# DATA FOR PROCESSING
_ _ _ _ _

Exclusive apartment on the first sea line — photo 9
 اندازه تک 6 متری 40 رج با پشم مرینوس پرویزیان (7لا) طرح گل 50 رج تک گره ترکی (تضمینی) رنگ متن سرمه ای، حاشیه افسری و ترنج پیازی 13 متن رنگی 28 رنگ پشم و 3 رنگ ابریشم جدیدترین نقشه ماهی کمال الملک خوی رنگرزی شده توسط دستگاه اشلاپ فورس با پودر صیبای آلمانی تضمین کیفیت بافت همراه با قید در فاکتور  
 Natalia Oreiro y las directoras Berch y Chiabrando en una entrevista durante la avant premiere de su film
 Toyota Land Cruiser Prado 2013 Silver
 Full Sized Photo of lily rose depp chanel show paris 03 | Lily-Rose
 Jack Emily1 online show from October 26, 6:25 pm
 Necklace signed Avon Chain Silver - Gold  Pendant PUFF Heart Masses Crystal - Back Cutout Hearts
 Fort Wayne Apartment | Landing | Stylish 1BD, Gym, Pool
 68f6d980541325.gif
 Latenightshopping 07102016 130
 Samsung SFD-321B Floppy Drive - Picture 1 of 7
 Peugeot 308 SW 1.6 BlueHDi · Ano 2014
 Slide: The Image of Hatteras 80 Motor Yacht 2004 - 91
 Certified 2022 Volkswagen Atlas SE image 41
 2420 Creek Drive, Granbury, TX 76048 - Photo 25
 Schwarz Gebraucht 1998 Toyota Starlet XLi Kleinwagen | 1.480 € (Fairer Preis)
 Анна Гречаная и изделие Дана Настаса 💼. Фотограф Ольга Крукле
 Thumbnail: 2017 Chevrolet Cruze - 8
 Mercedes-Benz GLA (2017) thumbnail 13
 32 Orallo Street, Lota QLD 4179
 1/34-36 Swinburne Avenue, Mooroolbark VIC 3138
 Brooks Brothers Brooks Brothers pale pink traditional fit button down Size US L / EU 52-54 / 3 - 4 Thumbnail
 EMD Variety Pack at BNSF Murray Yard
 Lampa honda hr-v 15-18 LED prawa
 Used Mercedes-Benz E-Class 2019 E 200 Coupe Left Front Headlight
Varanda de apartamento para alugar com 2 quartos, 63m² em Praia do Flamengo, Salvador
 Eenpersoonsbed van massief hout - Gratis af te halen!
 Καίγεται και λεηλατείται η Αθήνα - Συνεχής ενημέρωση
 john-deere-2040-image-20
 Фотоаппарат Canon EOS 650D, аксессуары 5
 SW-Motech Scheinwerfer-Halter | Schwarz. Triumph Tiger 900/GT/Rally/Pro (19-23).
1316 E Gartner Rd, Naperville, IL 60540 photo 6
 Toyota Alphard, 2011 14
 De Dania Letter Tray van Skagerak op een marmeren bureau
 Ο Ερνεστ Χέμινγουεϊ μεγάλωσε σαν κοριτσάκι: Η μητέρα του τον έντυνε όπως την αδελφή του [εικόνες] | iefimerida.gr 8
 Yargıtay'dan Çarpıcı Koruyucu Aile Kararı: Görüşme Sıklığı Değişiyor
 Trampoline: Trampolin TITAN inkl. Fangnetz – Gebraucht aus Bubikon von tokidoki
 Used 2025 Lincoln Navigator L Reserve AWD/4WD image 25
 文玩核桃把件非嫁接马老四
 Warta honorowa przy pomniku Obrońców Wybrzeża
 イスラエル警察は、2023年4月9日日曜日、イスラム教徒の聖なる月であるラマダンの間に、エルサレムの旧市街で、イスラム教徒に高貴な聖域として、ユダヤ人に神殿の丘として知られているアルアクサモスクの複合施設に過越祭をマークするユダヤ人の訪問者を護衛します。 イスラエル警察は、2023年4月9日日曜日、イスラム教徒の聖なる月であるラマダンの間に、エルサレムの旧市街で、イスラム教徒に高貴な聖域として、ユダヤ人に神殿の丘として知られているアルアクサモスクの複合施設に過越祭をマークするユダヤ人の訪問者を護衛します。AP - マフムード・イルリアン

_ _ _ _ _

# TASK REQUIREMENTS
Produce a word-for-word copy of everything above from the line holding "De Dania Letter" down to the line holding "文玩核桃把件非嫁接马老四", with both of those lines kept.

# EXERCISE SOLUTION
 De Dania Letter Tray van Skagerak op een marmeren bureau
 Ο Ερνεστ Χέμινγουεϊ μεγάλωσε σαν κοριτσάκι: Η μητέρα του τον έντυνε όπως την αδελφή του [εικόνες] | iefimerida.gr 8
 Yargıtay'dan Çarpıcı Koruyucu Aile Kararı: Görüşme Sıklığı Değişiyor
 Trampoline: Trampolin TITAN inkl. Fangnetz – Gebraucht aus Bubikon von tokidoki
 Used 2025 Lincoln Navigator L Reserve AWD/4WD image 25
 文玩核桃把件非嫁接马老四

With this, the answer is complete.